> **WHAT THE TASK REQUIRES**
For this exercise, copy exactly the lines below from the one with "1608 S 8th St, Springfield, IL 62703 photo 9" through the one with "Toyota Camry с пробегом — 2017 год. Фото: #1" and leave out the pictures.

> **SUPPLIED DATA**
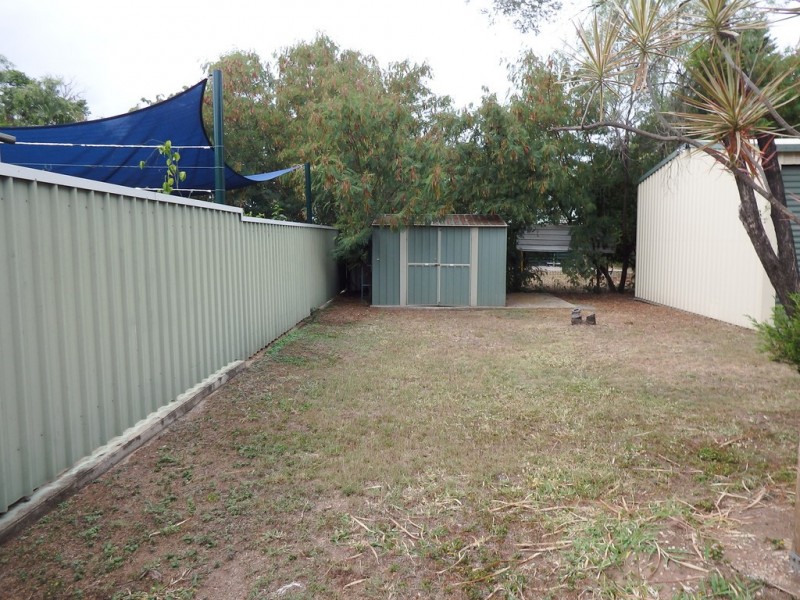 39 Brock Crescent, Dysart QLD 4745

--

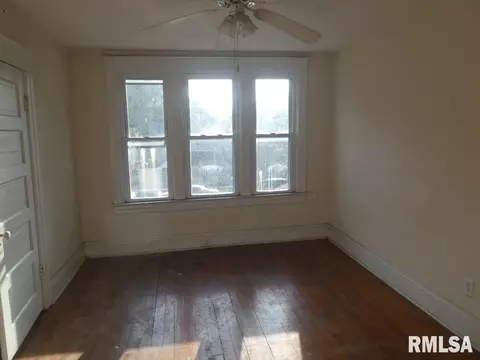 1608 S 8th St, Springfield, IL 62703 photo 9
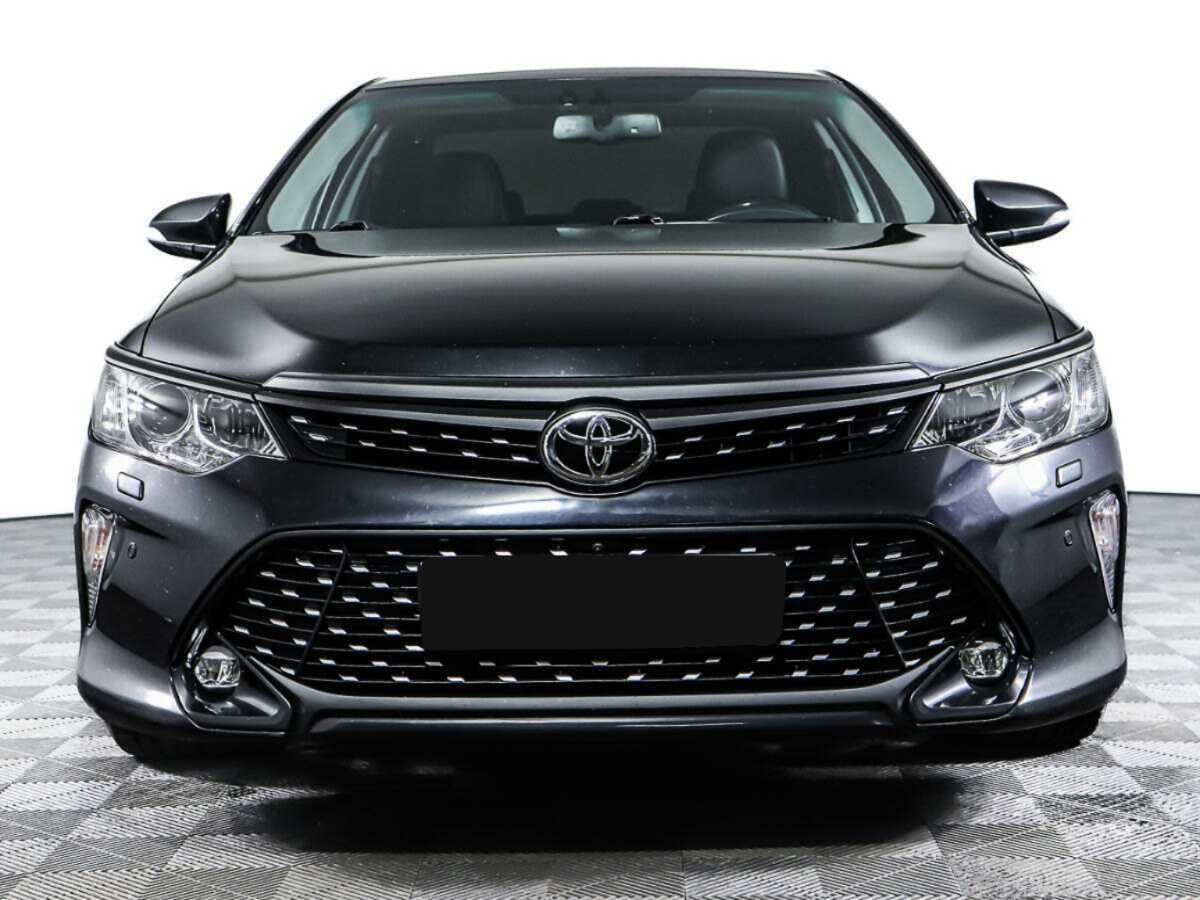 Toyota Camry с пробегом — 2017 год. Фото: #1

* * *

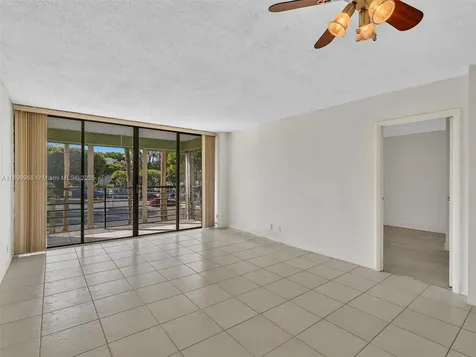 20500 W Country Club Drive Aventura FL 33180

> **RESULT FOR THIS TASK**
 1608 S 8th St, Springfield, IL 62703 photo 9
 Toyota Camry с пробегом — 2017 год. Фото: #1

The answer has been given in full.